- EXERCISE DESCRIPTION
Without the pictures, output the records below exactly as they are.

(Stored items)
========================================================================

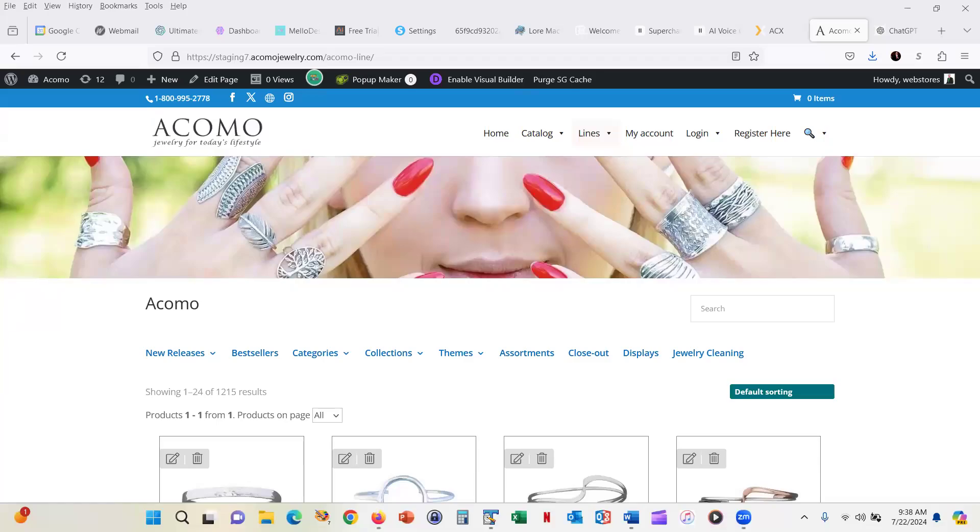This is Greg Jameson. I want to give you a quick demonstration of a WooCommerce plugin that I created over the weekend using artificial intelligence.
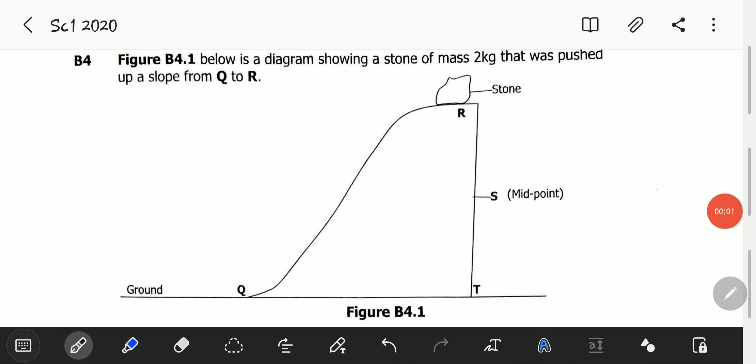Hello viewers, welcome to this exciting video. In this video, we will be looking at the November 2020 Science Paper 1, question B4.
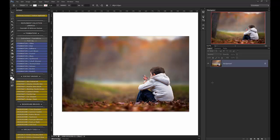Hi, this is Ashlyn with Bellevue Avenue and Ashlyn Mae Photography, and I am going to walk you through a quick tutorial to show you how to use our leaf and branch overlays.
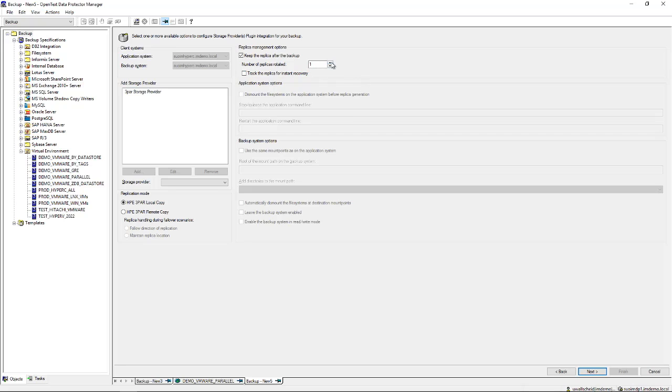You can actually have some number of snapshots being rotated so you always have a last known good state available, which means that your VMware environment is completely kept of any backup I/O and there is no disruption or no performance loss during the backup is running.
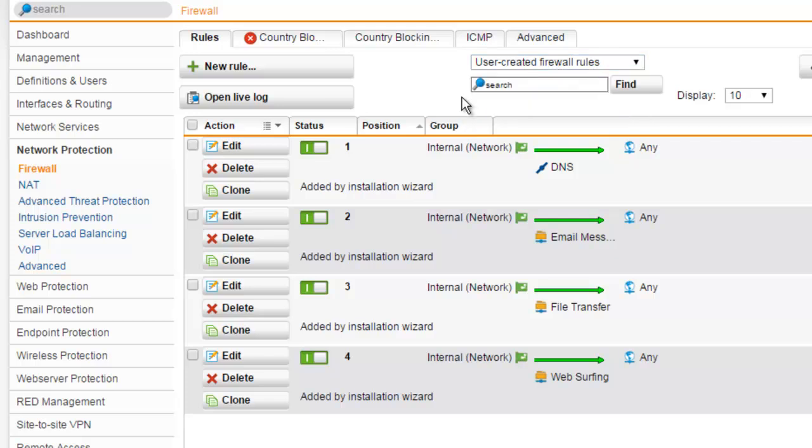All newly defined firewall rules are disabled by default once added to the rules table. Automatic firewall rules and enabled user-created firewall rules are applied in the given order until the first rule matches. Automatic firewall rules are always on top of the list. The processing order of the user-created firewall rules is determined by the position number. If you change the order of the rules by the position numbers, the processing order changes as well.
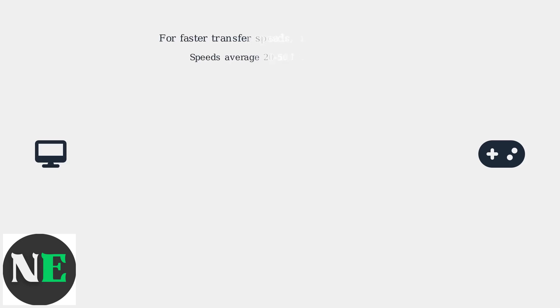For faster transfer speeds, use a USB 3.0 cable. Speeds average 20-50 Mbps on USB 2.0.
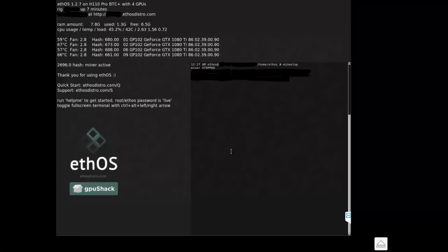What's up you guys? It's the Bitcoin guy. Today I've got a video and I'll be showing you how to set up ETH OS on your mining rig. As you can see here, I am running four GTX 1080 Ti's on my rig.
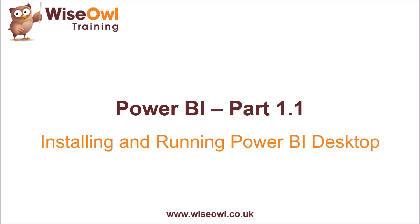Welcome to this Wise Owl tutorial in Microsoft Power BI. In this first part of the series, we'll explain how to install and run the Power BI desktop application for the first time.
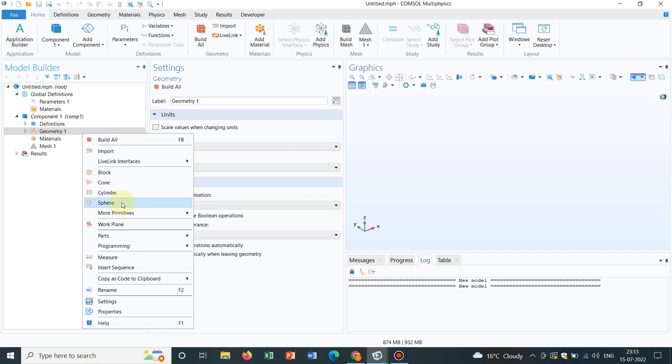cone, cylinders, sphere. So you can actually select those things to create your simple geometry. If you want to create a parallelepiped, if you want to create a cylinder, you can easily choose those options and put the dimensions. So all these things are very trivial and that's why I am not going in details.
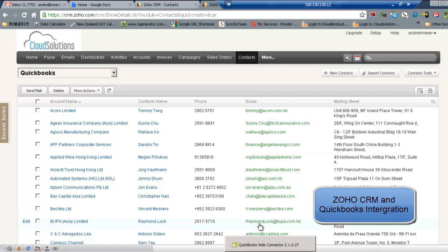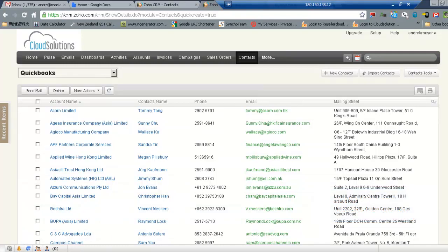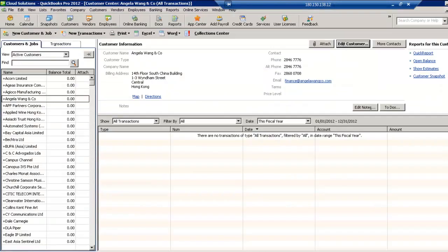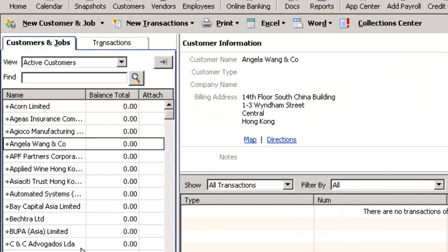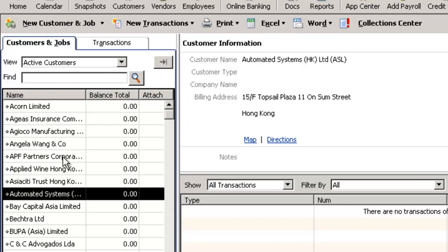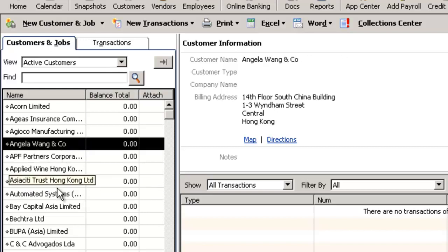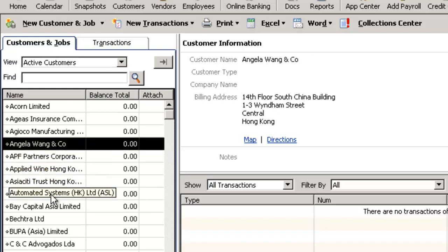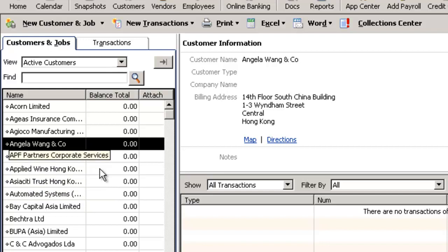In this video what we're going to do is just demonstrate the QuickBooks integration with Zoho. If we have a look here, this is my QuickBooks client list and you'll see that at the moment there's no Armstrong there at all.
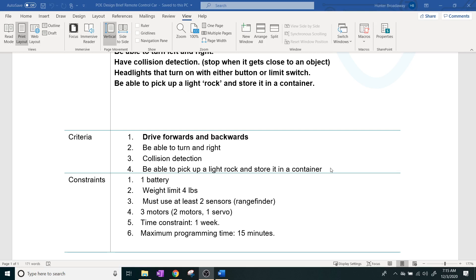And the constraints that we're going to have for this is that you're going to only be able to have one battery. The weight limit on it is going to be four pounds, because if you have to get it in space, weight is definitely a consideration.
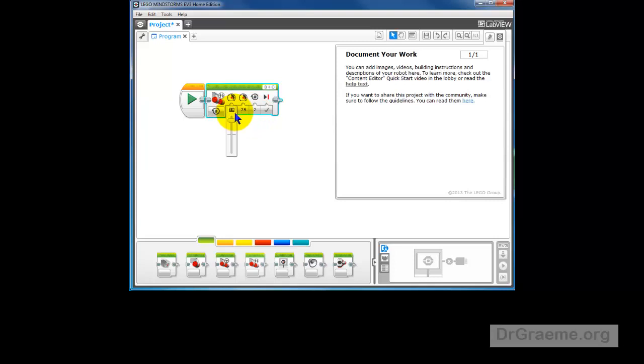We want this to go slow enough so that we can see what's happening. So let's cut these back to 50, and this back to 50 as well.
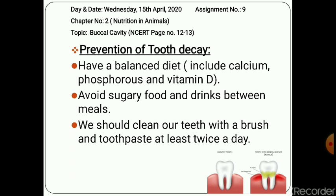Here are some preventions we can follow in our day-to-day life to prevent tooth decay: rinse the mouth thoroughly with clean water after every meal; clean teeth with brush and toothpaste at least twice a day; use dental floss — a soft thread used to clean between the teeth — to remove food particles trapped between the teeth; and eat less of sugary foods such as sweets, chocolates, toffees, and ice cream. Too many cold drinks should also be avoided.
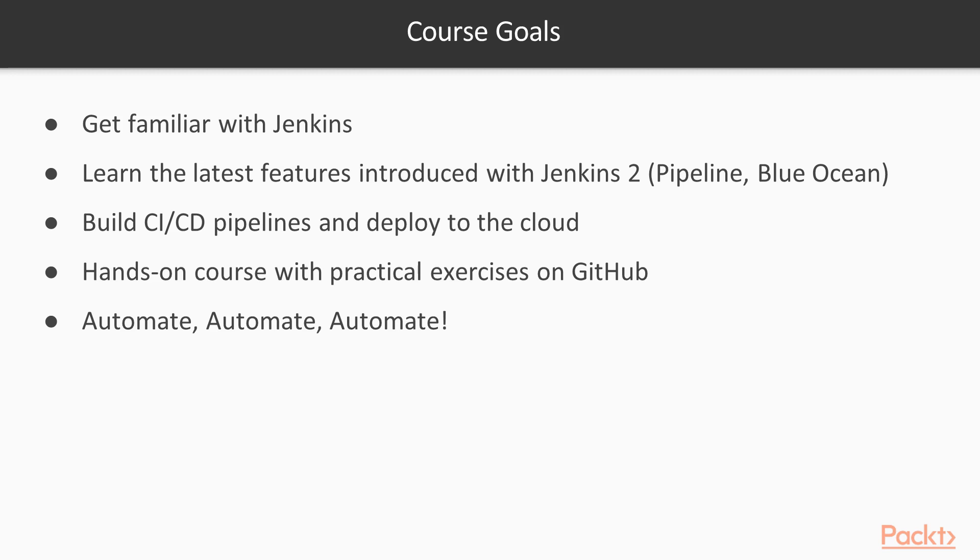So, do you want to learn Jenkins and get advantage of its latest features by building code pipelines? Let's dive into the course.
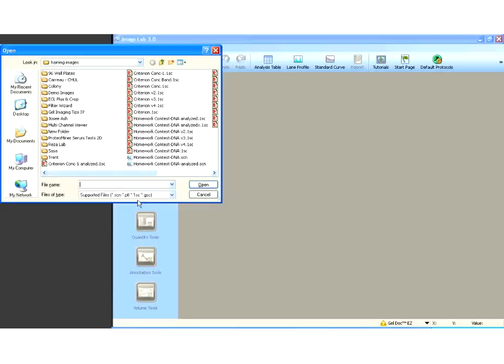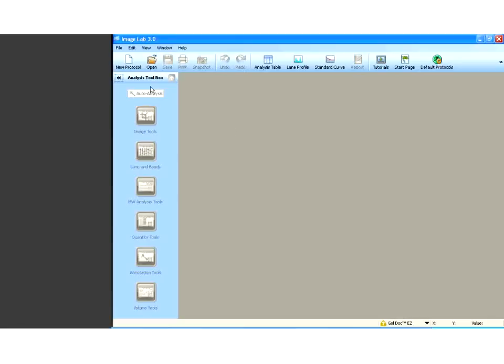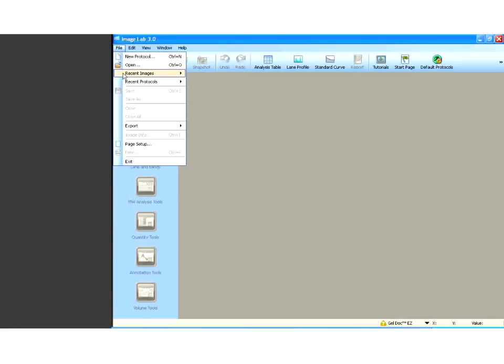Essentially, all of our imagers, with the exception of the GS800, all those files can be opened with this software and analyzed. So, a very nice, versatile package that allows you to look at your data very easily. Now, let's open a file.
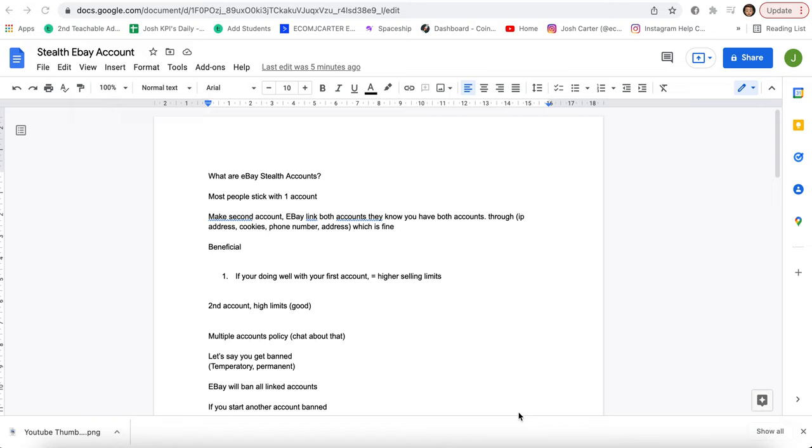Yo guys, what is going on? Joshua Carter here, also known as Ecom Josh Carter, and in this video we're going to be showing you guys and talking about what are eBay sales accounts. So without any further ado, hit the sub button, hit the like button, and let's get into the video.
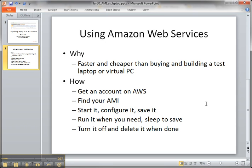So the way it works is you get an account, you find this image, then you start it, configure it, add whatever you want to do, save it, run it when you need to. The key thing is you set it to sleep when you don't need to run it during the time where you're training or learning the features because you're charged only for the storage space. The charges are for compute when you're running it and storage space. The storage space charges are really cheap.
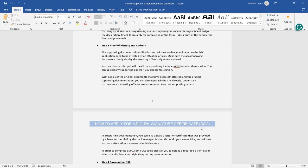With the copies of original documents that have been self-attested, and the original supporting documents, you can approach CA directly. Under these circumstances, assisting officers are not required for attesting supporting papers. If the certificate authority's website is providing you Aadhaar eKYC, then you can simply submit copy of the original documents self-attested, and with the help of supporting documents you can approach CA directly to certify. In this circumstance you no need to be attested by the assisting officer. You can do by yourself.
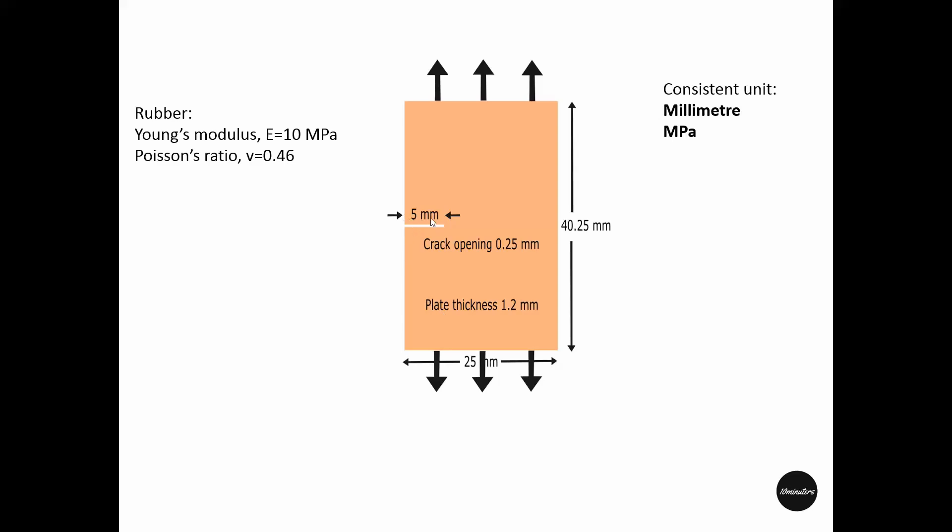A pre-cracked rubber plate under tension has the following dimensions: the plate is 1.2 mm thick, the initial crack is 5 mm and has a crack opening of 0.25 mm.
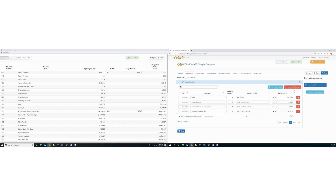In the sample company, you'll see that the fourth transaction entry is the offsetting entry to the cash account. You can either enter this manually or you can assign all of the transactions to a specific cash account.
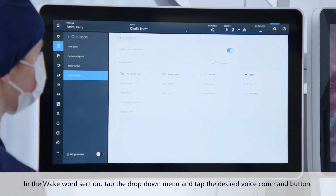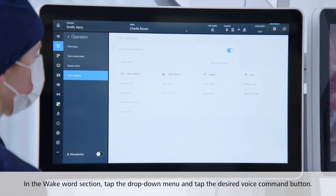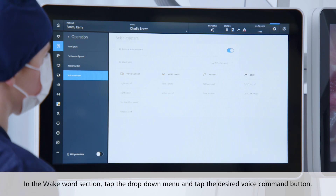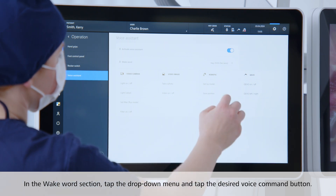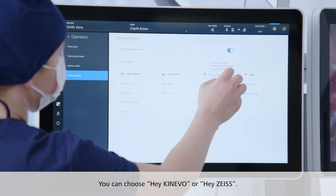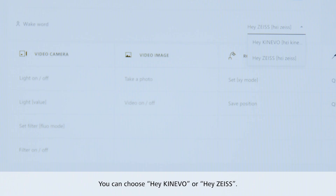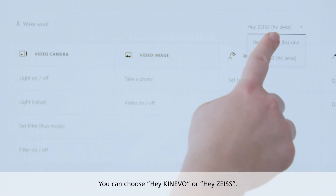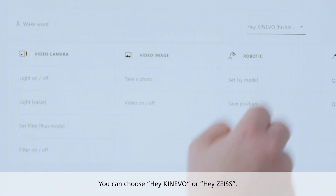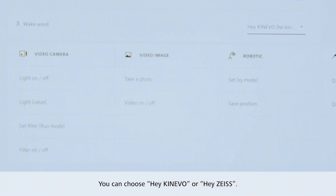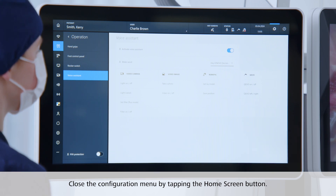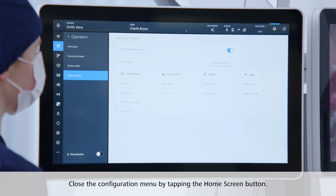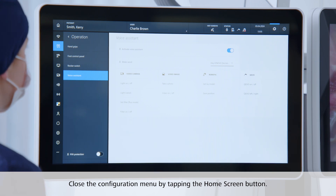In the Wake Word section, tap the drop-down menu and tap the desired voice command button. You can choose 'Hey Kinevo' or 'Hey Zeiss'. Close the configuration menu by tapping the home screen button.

========================================================================

- EXERCISE RESPONSE
This is Greg Jameson. I want to give you a quick demonstration of a WooCommerce plugin that I created over the weekend using artificial intelligence.
Hello viewers, welcome to this exciting video. In this video, we will be looking at the November 2020 Science Paper 1, question B4.
Hi, this is Ashlyn with Bellevue Avenue and Ashlyn Mae Photography, and I am going to walk you through a quick tutorial to show you how to use our leaf and branch overlays.
You can actually have some number of snapshots being rotated so you always have a last known good state available, which means that your VMware environment is completely kept of any backup I/O and there is no disruption or no performance loss during the backup is running.
All newly defined firewall rules are disabled by default once added to the rules table. Automatic firewall rules and enabled user-created firewall rules are applied in the given order until the first rule matches. Automatic firewall rules are always on top of the list. The processing order of the user-created firewall rules is determined by the position number. If you change the order of the rules by the position numbers, the processing order changes as well.
For faster transfer speeds, use a USB 3.0 cable. Speeds average 20-50 Mbps on USB 2.0.
What's up you guys? It's the Bitcoin guy. Today I've got a video and I'll be showing you how to set up ETH OS on your mining rig. As you can see here, I am running four GTX 1080 Ti's on my rig.
Welcome to this Wise Owl tutorial in Microsoft Power BI. In this first part of the series, we'll explain how to install and run the Power BI desktop application for the first time.
cone, cylinders, sphere. So you can actually select those things to create your simple geometry. If you want to create a parallelepiped, if you want to create a cylinder, you can easily choose those options and put the dimensions. So all these things are very trivial and that's why I am not going in details.
In this video what we're going to do is just demonstrate the QuickBooks integration with Zoho. If we have a look here, this is my QuickBooks client list and you'll see that at the moment there's no Armstrong there at all.
And the constraints that we're going to have for this is that you're going to only be able to have one battery. The weight limit on it is going to be four pounds, because if you have to get it in space, weight is definitely a consideration.
We want this to go slow enough so that we can see what's happening. So let's cut these back to 50, and this back to 50 as well.
Here are some preventions we can follow in our day-to-day life to prevent tooth decay: rinse the mouth thoroughly with clean water after every meal; clean teeth with brush and toothpaste at least twice a day; use dental floss — a soft thread used to clean between the teeth — to remove food particles trapped between the teeth; and eat less of sugary foods such as sweets, chocolates, toffees, and ice cream. Too many cold drinks should also be avoided.
So, do you want to learn Jenkins and get advantage of its latest features by building code pipelines? Let's dive into the course.
Essentially, all of our imagers, with the exception of the GS800, all those files can be opened with this software and analyzed. So, a very nice, versatile package that allows you to look at your data very easily. Now, let's open a file.
Yo guys, what is going on? Joshua Carter here, also known as Ecom Josh Carter, and in this video we're going to be showing you guys and talking about what are eBay sales accounts. So without any further ado, hit the sub button, hit the like button, and let's get into the video.
So the way it works is you get an account, you find this image, then you start it, configure it, add whatever you want to do, save it, run it when you need to. The key thing is you set it to sleep when you don't need to run it during the time where you're training or learning the features because you're charged only for the storage space. The charges are for compute when you're running it and storage space. The storage space charges are really cheap.
With the copies of original documents that have been self-attested, and the original supporting documents, you can approach CA directly. Under these circumstances, assisting officers are not required for attesting supporting papers. If the certificate authority's website is providing you Aadhaar eKYC, then you can simply submit copy of the original documents self-attested, and with the help of supporting documents you can approach CA directly to certify. In this circumstance you no need to be attested by the assisting officer. You can do by yourself.
A pre-cracked rubber plate under tension has the following dimensions: the plate is 1.2 mm thick, the initial crack is 5 mm and has a crack opening of 0.25 mm.
In the sample company, you'll see that the fourth transaction entry is the offsetting entry to the cash account. You can either enter this manually or you can assign all of the transactions to a specific cash account.
In the Wake Word section, tap the drop-down menu and tap the desired voice command button. You can choose 'Hey Kinevo' or 'Hey Zeiss'. Close the configuration menu by tapping the home screen button.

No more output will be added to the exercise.